Methods: The study was conducted with 21 patients in a psychiatric partial hospital entering the program in May, 2000. Patients in the PPH experience varying degrees of suicide risk and thus are appropriate for validation of this instrument.The SAM-PC consists of:patient questions to assess current and past suicidal ideation/behavior; provider questions to assess comorbidities; an algorithm using pt./provider answers to estimate suicide risk; management guidelines keyed to the patient's risk level.SAM-PC and BSSI questions were adminstered to PPH patients; PPH providers answered SAM-PC provider questions.Investigators used the algorithm to compute patient's suicide risk.Total and subscale BSSI scores were compared with SAM-PC risk scores. Patient answers to conceptually similar items from the two instruments were also
Results: A significant positive association between BSSI and SAM-PC risk scores was observed(Spearman's p=0.60, one-tailed p<0.01.) Pts designated Immediate Danger by the SAM-PC had high BSSI risk scores and pts. designated Low Risk on the SAM-PC had BSSI scores of zero. Associations between SAM-PC and BSSI scores at intermediate risk levels were not as strong as at the extremes.Answers to conceptually similar items on both instruments were the same except in the case of one pt.
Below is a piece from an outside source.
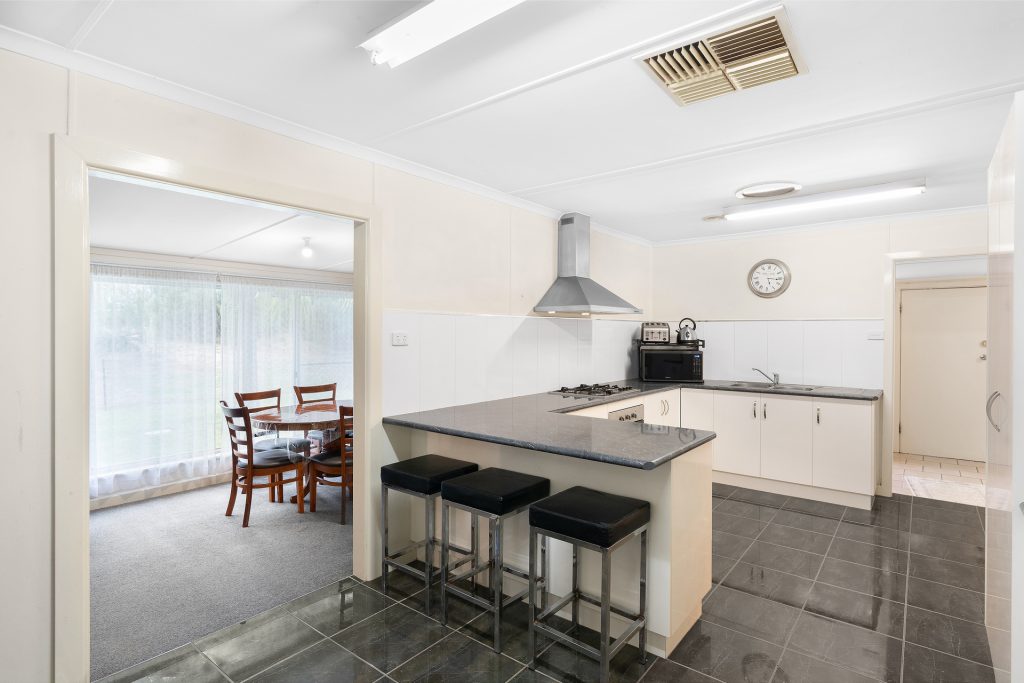 3 Weir Park Road, Narrandera NSW 2700 - photo 3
Conclusions: The SAM-PC is a potentially valid instument for assessing suicide risk given the widely-used, validated BSSI as criterion. Due to the small sample ,however, we conclude that further research on larger, more diverse samples is required and justified.
Impact: This study is a small but important step in validating the SAM-PC. Larger studies, for which this serves as a prototype, will help us identify and correct any waeknesses that may be found in the SAM-PC and justify the next step of testing the instrument's feasibility
for widespread use in primary care and other settings.